You had free will. For instance, you could choose to sleep on the couch, a conscious choice. You had the bed available, but you chose (chose being the key word here) to sleep on the couch.

Fast forward to marriage-hood. The kingdom has been lost, the lands taken. The couch is the equivalent of 'naughty corner' for you. The last place where le Resistance is still about is the bathroom (provided you have secured the door from the inside). And even here the barbarians are at the gate. Almost immediately. And (almost) continuously from the moment you go in. Or when she realizes you are not be be seen and must have taken refuge in the loo.

The interrogation starts with the innocuous "Will you be long?"
The first few questions in a polygraph test are designed to put you at ease.

“No, I am almost done.”

“How long will you be?”

At this point of time you feel you need to exert your independence. “I just got in.”

“You shouldn’t take too long. It’s not good.”

“I am not taking long.”

Pregnant pause till both parties consider their next course of action. The small stack of books on the sill next to me lies forgotten. I am furiously thinking of what to say next in order to gain those precious, few, additional minutes of peace. There are only seven pages to go in the chapter. This truth will not fly.

“I know you are reading. Why don’t you read here in the room.”

“I am not reading (I return the book to the stack). I would read in the room if I wanted to.” And if I had been permitted to do so by the things-that-need-to-be-done-around-the-house list. In the house, 'reading' has the same social status as 'loitering'.
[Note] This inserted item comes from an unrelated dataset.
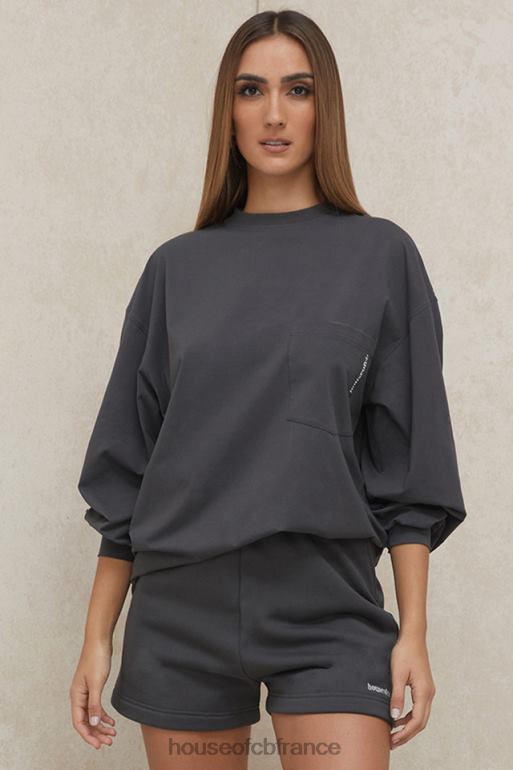 House of CB haut à manches longues strata anthracite N888H784 vêtements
“What are you doing then?”

“What do you do in the bathroom?”

“You possibly can’t take that long. Have you any idea what the time is? You’ve been in there for half an hour!"
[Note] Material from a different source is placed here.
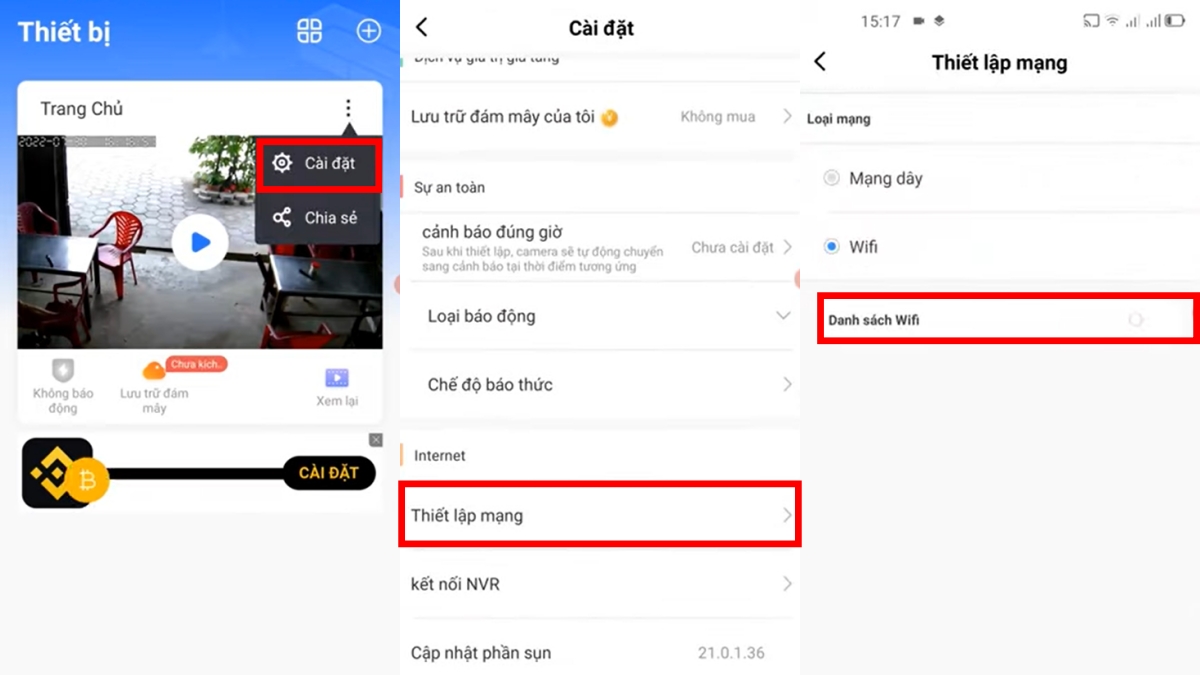 Vào Cài đặt > Chọn Thiết lập mạng > Nhấn Danh sách Wifi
I used to fall for this one. I call the bluff. “No. It hasn’t been that long.” Two can play this game!

"Seriously! How long has it been then?" Damn! She calls my bluff!

“It’s been 12 minutes,” I lie. I am not sure how long it has been. I always forget to note the time so I can substantiate my argument with facts.
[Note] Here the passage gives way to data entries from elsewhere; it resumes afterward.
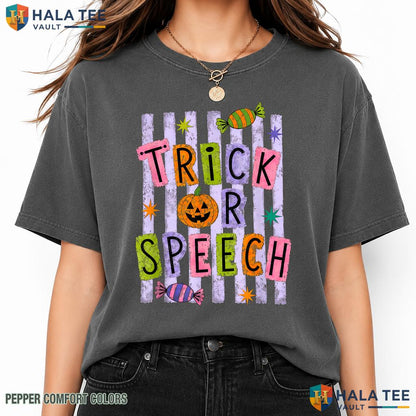 Striped Trick Speech Therapy Garment-Dyed T-Shirt Teacher Halloween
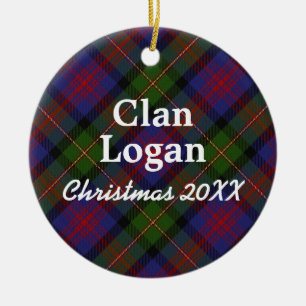 Adorno De Cerámica Clan Logan Scottish Tartan
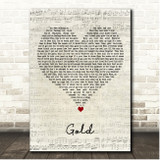Britt Nicole Gold Script Heart Song Lyric Print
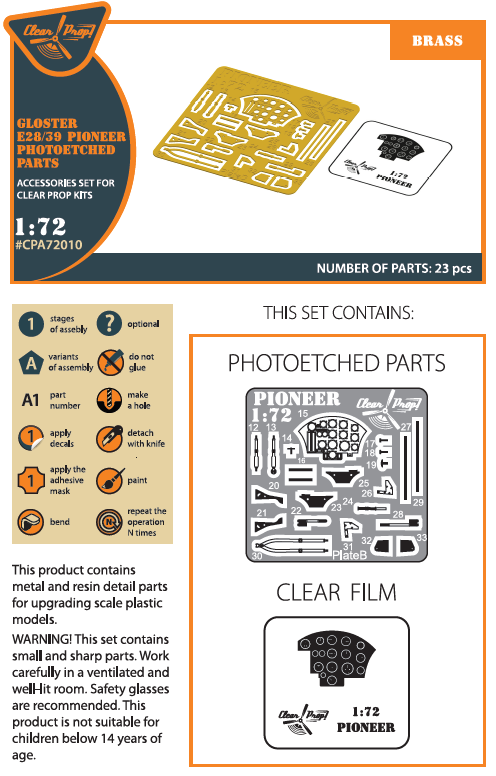 Clear Prop Models CPA72010 1:72 Gloster E28/39 etched parts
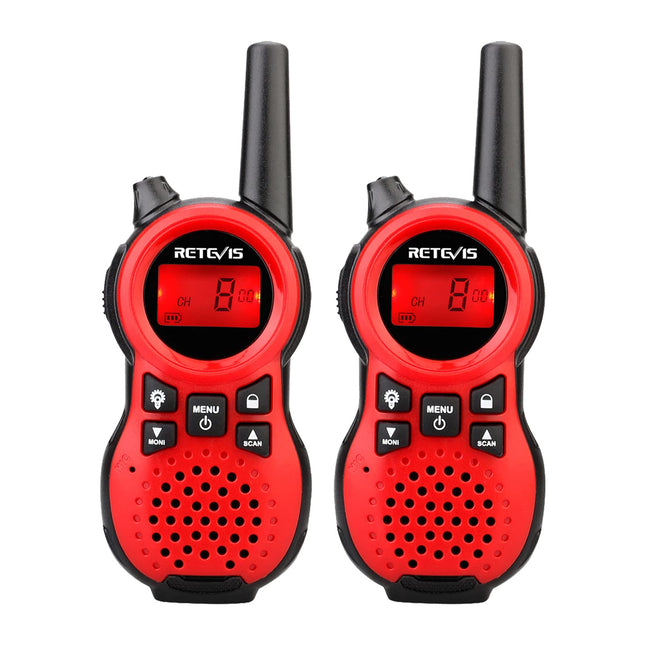 Retevis RT638 Walkie Talkie for Kids Ages 3-12, 16 Channels Flashlight VOX, Birthday Gift Toy for Children's Games, Hiking, Garden, Outdoors (Red, 1 Pair)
Pause. A quick re-evaluation of strategies. I pick up the book again and get through a couple more paragraphs.

"Are you ok? I think you should see a doctor?”

"I'm fine"

Another breather after this flanking attack.

Beginning to end, this inquisition via the door lasts from between 12 to 23 minutes and it is accompanied by a knocking steadily gaining in peremptoriness and the voice gaining an edge. As if a drummer were setting the rhythm for the siege. Bring out the battering ram.


My replies, of course, are irrelevant. Whatever I say, will most likely be unable to impede the question next in sequence.

In fact, the last few question-phrases from "What are you doing there?" to "Are you ok?" give the feeling that you are an errant child who has managed to lock himself up in the bathroom but false pride prevents him from admitting his mistake and wailing for help.

You are plagued by "What ifs.." What if the lock is indeed faulty..? What if you have managed to lock yourself in..? Just like your son frequently manages to lock everyone out. What if all these fears are true..? How would you face the world ever again? This last refuge would be compromised forever. It would begin an era of an open-door-policy where you would need to whistle as you sat enthroned so people knew that the King lives (Long live the King).

Her devious plan has succeeded there is now doubt in your mind. With doubt comes the fall. There is but one way to exorcise these demons of doubt: the spirit of science takes over, you test the lock - move the lever and turn the knob. And the stand is over. The castle is taken. The King is dead. Long live the King.

It is incredible that a woman who has the patience to feed a child three spoonfuls of rice in lunch for an entire afternoon loses patience after 17 minutes of bathroom time by the husband.